Pakistan Risks Terror Financing 'Blacklist', Says Global Watchdog

W460

A global anti-corruption body warned Friday that Pakistan could join a blacklist of nations failing to fight money laundering and terror financing unless it changed course within four months.

"Despite a high level commitment by Pakistan to fix these weaknesses, Pakistan has not made enough progress," Xiangmin Liu, president of the Financial Action Task Force (FATF), said in Paris.

"If by February 2020 the country has not made significant progress, we will consider further actions which potentially could include placing the country... on the blacklist," he said.
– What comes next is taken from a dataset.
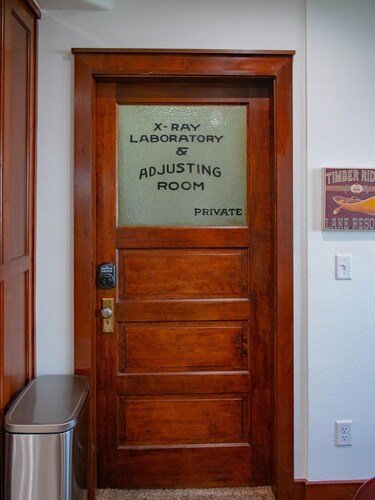 HISTORIC 1890s Rexburg Loft - 2 Q, 1 K Laundry, 2 blocks to BYUI, Clean & Fun!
Pakistan has been on the FATF's so-called grey list since 2018, when it agreed to an "action list" of 27 measures to curb illicit money transfers used by terror groups operating in the country.
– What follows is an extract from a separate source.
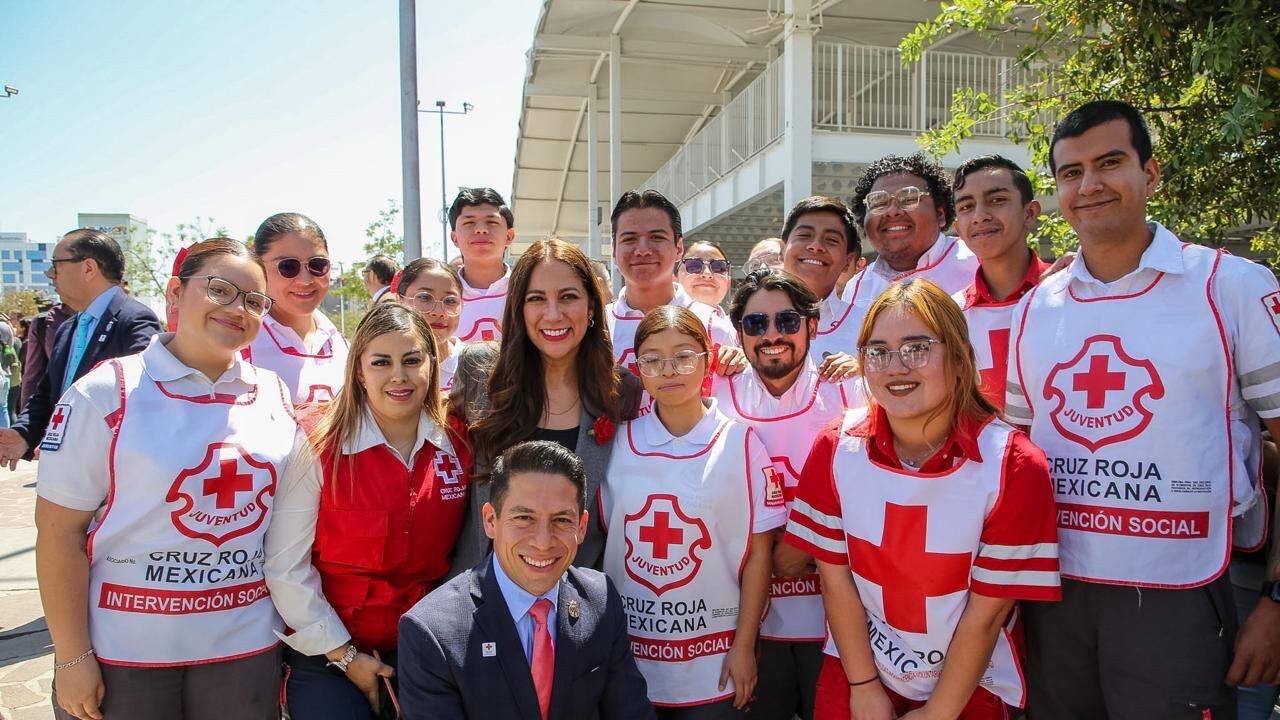 Libia Dennise García entrega apoyos de vivienda y kits comunitarios en Guanajuato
So far it has sufficiently addressed only five of them, the FATF said after this week's plenary meeting in Paris, where it is based.

Pakistan had been on the FATF blacklist for years before it was removed in 2015 following "significant progress" in fighting terror financing.
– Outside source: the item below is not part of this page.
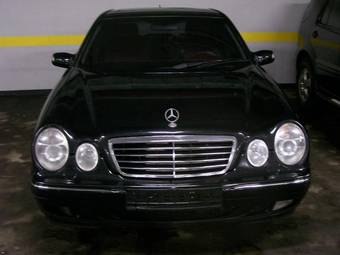 2001 Mercedes-Benz E-Class Images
Prime Minister Imran Khan, elected last year, has been struggling to stamp out terror threats while coming under pressure over painful austerity measures taken to rectify a shaky economy and conform to the terms of its latest IMF bailout.

"The Pakistani government has demonstrated strong political will to implement its action plan," Liu said.

"We will provide all the necessary training and assistance, and we have called on our members and our global network to help in that regard," he added.

Only two countries, North Korea and Iran, are on the FATF blacklist, which severely crimps their access to the global financial system as well as international aid.

On Iran, already straining under United States sanctions imposed after Washington pulled out of a 2015 deal to curb Tehran's nuclear activities, Liu said "not enough progress has been made in addressing the serious terror financing threat it poses."

As a result, FATF members moved this week to re-impose a serious of countermeasures including audits of Iranian bank branches and subsidiaries abroad.

The stricter controls would return permanently if no action is taken by the FATF's plenary meeting in February 2020, Liu said.